Vous y trouverez, pèle-mèle, des poésies, des recettes de « grand-mère », le mode d’emploi de la viande in-vitro, des photos, des petits et des grands dessins, une carte des secteurs d’activités du quartier, un billet sur la grande diversité culturelle des habitants de Cureghem, un focus sur le commerce de voitures d’occasion, sur le logement et bien sûr, des articles sur l’élevage, sur le secteur de la boucherie à Bruxelles qui… se maintiendrait plutôt bien dans le quartier malgré la conjoncture…

Bouchers à Bruxelles

La viande, coeur de métier du quartier, aliment ayant contenu de la vie où du sang a pulsé, a toujours suscité un mélange de répulsion et d’attirance chez les mangeurs. Le secteur évolue économiquement, au gré de l’innovation, des scandales sanitaires et de maltraitante animale, des habitudes alimentaires des bruxellois de toutes confessions religieuses et d’un tissu du petit commerce fragilisé par les grandes surfaces. Malgré un contexte général difficile, les grossistes et les bouchers de Cureghem restent et se serrent les coudes à Cureghem… pourquoi?

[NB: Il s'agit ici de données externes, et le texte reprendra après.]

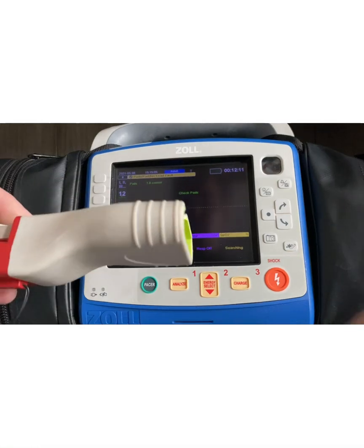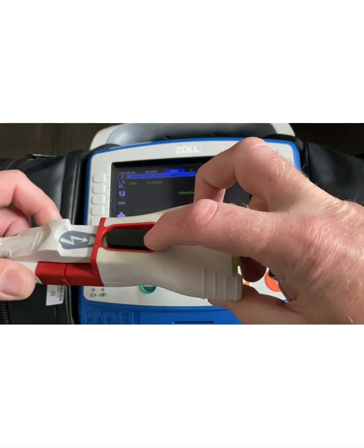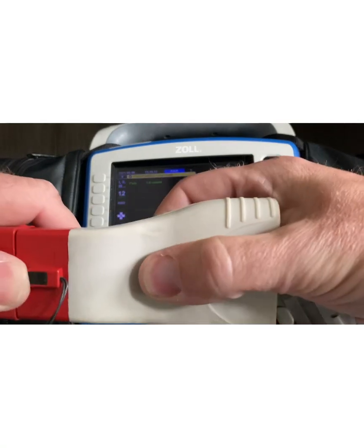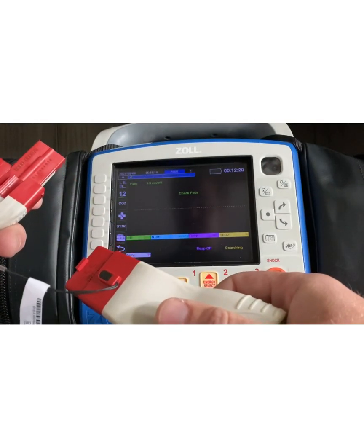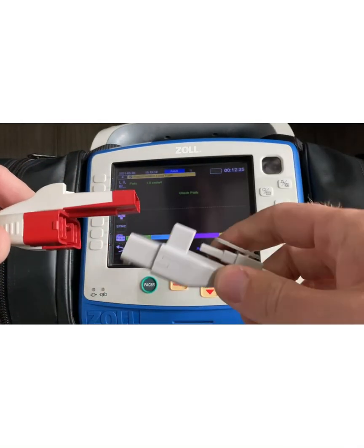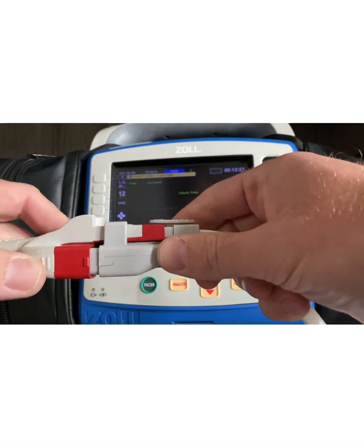So in that situation, I remove this adapter. I'm going to press down on here, take my thumb, push on here, and separate those two. This cable now is able to accommodate the one-step cable connection.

Jusqu’à la mort – Viandes en cultures

Certains encadrent depuis toujours la consommation de la viande par des rites religieux, que d’autres aujourd’hui jugent barbares et souhaitent interdire. À la périphérie, des éleveurs cherchent à éviter les gros abattoirs industriels, souhaitant accompagner leurs animaux de la naissance jusqu’à la mort… La viande est attachée aux pratiques culturelles, qui nous font saliver ou dédaigner les abats, désirer ou appréhender la viande in vitro.

Sains et variés

Désormais, certains préfèrent manger des aliments d’origines végétales, par motivations éthiques et de santé. Cette attitude est aussi une aubaine pour l’industrie alimentaire… mais pose aussi question : les substituts de viandes sont-ils toujours bons pour la santé? Qu’est-ce que le diabète et à quoi les personnes qui en souffrent doivent-elles être attentives?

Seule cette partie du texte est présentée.